• _Exercise prompt_
Looking at the listing below, retype exactly the lines starting at the one containing "Views, views, views: Molokai" and ending at the one containing "QR Code & Barcode Scanner screenshot 3", both included, and nothing else.
Start of Block
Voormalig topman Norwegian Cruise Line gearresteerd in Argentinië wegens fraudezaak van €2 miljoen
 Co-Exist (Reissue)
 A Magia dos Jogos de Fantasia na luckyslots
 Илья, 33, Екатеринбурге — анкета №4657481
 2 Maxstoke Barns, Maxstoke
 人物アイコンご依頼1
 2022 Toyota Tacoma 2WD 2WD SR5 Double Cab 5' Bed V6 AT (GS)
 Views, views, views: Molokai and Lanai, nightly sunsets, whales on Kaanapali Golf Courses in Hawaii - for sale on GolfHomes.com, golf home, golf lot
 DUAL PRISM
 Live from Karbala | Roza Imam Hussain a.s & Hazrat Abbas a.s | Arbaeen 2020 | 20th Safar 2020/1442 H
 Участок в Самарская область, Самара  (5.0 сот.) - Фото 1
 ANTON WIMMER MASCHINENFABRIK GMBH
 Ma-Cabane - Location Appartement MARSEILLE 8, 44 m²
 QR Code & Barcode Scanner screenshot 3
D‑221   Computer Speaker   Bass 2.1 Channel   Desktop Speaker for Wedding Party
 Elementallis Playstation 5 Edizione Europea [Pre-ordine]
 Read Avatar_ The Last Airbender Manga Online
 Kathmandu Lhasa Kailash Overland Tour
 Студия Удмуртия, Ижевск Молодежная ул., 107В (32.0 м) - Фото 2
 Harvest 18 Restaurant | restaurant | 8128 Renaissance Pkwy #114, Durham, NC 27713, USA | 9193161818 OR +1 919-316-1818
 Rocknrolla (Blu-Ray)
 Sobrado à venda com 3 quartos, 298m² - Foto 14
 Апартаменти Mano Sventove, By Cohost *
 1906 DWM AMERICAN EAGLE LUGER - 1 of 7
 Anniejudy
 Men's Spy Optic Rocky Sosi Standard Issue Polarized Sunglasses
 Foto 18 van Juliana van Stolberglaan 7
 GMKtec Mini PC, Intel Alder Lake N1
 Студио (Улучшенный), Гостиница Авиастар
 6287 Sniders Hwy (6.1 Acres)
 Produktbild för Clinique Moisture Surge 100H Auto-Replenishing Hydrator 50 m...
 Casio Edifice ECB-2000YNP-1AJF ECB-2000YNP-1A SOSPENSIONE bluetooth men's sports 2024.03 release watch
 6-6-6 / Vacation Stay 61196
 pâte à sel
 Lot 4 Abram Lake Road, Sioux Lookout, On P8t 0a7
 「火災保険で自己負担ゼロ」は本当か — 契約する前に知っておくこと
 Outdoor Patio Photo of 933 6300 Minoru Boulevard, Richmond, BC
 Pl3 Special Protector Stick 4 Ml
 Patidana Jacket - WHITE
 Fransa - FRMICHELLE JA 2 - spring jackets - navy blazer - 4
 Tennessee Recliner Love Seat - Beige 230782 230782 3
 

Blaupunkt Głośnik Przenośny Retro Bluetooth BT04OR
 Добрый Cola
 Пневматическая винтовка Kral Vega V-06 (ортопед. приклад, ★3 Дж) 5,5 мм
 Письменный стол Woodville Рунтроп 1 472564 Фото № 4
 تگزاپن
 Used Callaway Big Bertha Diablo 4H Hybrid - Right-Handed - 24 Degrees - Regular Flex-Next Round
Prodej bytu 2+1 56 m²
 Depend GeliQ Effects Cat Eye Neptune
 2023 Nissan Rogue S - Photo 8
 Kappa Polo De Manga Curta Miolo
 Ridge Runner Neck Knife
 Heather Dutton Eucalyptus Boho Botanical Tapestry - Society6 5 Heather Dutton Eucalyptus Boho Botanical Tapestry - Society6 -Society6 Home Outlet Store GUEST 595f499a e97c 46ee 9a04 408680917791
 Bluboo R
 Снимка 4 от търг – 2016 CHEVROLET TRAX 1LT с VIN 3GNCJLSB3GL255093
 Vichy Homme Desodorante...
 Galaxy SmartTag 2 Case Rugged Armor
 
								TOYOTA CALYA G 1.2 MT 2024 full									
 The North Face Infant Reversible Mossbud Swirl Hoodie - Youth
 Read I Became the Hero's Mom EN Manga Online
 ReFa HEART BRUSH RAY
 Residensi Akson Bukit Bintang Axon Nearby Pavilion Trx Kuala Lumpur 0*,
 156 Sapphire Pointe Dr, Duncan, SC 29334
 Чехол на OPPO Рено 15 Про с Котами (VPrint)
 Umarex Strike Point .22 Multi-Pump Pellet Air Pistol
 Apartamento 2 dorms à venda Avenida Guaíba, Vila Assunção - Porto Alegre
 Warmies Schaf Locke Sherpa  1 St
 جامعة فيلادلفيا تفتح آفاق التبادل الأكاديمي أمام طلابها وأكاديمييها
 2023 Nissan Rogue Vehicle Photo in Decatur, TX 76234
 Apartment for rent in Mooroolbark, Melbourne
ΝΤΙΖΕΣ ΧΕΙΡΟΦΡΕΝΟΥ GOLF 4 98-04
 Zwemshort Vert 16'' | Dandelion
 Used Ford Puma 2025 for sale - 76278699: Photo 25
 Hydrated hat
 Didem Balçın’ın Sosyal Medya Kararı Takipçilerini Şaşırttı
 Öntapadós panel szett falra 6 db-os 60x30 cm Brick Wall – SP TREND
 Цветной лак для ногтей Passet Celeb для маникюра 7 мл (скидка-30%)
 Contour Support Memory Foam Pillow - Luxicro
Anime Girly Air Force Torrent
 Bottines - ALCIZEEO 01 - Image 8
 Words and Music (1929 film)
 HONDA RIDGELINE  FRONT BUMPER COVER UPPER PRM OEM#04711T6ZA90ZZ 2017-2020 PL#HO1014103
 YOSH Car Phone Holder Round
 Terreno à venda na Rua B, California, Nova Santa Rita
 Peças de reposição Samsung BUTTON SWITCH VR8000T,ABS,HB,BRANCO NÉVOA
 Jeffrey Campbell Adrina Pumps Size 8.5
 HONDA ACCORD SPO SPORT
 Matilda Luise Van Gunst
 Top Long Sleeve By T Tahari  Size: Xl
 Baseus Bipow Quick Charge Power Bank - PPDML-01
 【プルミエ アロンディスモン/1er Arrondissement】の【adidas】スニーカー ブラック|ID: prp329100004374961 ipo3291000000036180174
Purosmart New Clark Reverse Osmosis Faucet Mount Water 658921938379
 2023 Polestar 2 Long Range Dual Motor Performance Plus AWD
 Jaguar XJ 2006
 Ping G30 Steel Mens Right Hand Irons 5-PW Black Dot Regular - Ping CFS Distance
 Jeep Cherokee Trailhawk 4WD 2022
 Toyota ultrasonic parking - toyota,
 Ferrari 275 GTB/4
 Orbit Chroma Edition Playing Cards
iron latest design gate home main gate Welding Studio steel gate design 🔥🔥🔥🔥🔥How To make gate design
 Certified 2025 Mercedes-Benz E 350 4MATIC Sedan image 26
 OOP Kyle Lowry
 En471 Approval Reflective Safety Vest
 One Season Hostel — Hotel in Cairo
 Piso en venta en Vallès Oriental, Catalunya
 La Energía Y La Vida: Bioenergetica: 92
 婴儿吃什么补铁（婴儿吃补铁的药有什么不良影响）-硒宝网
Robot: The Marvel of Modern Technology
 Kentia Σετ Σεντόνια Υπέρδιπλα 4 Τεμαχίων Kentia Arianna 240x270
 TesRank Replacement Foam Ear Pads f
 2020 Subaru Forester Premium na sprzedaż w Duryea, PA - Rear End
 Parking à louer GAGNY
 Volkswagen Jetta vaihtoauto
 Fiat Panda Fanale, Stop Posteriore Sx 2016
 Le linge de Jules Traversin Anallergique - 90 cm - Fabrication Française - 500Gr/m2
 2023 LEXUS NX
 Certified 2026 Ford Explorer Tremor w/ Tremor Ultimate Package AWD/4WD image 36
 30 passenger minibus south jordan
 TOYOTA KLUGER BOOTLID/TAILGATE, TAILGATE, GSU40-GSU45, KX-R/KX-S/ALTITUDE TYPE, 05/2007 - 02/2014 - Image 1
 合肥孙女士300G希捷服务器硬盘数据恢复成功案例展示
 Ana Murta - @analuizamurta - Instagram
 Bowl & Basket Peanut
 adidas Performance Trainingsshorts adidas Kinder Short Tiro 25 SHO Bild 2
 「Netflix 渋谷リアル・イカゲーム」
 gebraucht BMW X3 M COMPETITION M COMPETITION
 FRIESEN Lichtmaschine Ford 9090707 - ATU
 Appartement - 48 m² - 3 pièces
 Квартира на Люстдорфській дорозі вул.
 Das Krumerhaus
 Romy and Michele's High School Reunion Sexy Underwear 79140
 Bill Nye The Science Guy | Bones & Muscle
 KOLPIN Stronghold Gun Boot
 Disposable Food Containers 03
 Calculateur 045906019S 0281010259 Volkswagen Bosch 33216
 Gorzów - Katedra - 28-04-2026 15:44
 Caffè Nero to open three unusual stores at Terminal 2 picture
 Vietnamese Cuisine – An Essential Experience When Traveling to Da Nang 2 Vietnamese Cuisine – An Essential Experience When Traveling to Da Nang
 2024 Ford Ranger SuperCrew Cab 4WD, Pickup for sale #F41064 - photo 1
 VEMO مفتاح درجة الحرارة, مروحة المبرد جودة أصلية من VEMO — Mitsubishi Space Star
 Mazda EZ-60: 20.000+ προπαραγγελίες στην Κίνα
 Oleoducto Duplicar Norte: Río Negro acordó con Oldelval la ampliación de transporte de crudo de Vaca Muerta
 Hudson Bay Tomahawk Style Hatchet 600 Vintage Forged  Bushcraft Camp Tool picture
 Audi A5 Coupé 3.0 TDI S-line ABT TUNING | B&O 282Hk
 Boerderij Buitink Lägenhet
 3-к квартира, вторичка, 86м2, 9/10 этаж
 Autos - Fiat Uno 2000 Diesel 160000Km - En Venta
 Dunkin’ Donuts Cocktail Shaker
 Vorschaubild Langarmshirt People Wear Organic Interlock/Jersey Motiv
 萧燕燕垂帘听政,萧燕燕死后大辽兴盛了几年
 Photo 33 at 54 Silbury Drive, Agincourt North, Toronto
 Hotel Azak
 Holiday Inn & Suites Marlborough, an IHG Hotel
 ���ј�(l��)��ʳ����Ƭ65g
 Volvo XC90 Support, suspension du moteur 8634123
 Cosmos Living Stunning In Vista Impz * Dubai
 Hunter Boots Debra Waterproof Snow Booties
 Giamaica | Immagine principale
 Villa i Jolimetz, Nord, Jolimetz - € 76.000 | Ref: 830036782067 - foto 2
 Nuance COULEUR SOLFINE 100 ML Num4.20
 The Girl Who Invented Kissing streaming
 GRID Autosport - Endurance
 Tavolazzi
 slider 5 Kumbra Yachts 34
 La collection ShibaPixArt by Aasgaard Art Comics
End of Block
• _Task solution_
 Views, views, views: Molokai and Lanai, nightly sunsets, whales on Kaanapali Golf Courses in Hawaii - for sale on GolfHomes.com, golf home, golf lot
 DUAL PRISM
 Live from Karbala | Roza Imam Hussain a.s & Hazrat Abbas a.s | Arbaeen 2020 | 20th Safar 2020/1442 H
 Участок в Самарская область, Самара  (5.0 сот.) - Фото 1
 ANTON WIMMER MASCHINENFABRIK GMBH
 Ma-Cabane - Location Appartement MARSEILLE 8, 44 m²
 QR Code & Barcode Scanner screenshot 3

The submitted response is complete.